By 1975, flower power was over and hope was for suckers. New York City was decaying, and Dog Day Afternoon captures a general sense of matter-of-fact despair perfectly. The only music in the film is Elton John’s “Amoreena” playing over the opening credits, set against a montage of city folk going about their daily business. In this one sequence, even though no concrete exposition is given, Lumet creates a world where robbing a bank to solve your money problems seems like almost a halfway sane idea.
And the film kicks straight into that plot as soon as the credits end. Any explanations concerning motivations and background come later. We meet Sonny as he’s sticking a gun in peoples’ faces, and yet he’s still a sympathetic character. Thanks to Pacino’s wonderfully conflicted performance, you can tell right from the start that Sonny doesn’t want to do this, and doesn’t want anyone to get hurt. It helps that things begin going wrong almost immediately, and the misfortune only snowballs from there. Lumet’s crime films often tackle such themes of escalating ineptitude, and he was doing it before the Coen brothers made it cool.
Pacino is all wired intensity and ragged desperation, and he gets even more jittery as the film progresses. But what’s great about Sonny is that he’s also keenly intelligent and massively charismatic, and he knows how to work events to his favor. There’s a reason he’s able to hold off hundreds of police officers for twelve hours. He gets the bank staff on his side, he gets the massing crowds on his side, and finally, he gets us on his side. He’s doing a stupid, dangerous thing, but we completely understand and empathize with him.
Dog Day Afternoon is an inchoate, anti-establishment howl of rage. It doesn’t have any idea where to place all the blame for society’s ills, but it will keep lashing out regardless. Sonny’s cry of “Attica! Attica!” is the film itself in brief. He speaks out for an entire populace that has been screwed over by its government, subjected to an ugly, protracted war, economic turmoil, racial injustice, and worse (hey, does this sound familiar?). They can’t do anything about it but scream, and scream they shall.
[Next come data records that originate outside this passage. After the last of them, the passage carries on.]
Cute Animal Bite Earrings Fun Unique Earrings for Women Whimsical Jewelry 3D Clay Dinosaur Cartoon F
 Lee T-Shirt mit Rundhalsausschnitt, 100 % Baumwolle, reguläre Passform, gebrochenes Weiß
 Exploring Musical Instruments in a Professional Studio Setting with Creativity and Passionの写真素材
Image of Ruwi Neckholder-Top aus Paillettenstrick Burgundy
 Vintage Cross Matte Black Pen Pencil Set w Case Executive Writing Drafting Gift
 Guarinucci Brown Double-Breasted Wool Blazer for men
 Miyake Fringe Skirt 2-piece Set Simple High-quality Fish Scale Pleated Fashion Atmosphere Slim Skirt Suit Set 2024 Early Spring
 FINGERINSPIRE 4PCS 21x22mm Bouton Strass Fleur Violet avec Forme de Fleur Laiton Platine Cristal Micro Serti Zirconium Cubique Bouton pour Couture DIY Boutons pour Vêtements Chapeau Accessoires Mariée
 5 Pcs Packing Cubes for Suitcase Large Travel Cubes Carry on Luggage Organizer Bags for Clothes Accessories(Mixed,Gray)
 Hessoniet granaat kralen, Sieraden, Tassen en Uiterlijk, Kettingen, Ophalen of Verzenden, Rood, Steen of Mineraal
I’d be remiss if I didn’t mention the other actors, even if this is Pacino’s show. John Cazale, Pacino’s screen brother in the Godfather series, plays Sonny’s accomplice, Sal. Sal is a complete wild card, and he adds to the unpredictability of every scene he’s in. He isn’t crazy or a loose cannon, he’s just extremely nervous, and is relying entirely on Sonny to do the thinking in this mess. Every time the two are separated, you fear what stupidity Sal might commit, and whether that will ruin everything. Charles Durning does a great job as the negotiator, Eugene Moretti. He’s measured and diplomatic, and he’s trying hard to contain the situation. There are no bad guys in this film, besides The Man, and Durning exemplifies that.
For a film that takes place in mostly one location, it has a relentless verve and pace. What’s great is that it keeps up the energy even as it makes us feel the characters’ fatigue as the siege on the bank draws out for more and more hours. Constant new developments ensure that the plot never grows dull, as each unexpected curveball shifts the balance of power between Sonny and the police. You feel that literally anything could happen at any moment, and the movie has exhilarating tension built into it as a result. Even the most minor event might spell Sonny’s doom, and that keeps the audience on constant edge.
If you haven’t seen Dog Day Afternoon, do yourself a favor and fix that posthaste. If you want to understand a little bit of the 70’s or 70’s film, then it’s invaluable. If you just want a perfectly-made movie, then it’s essential.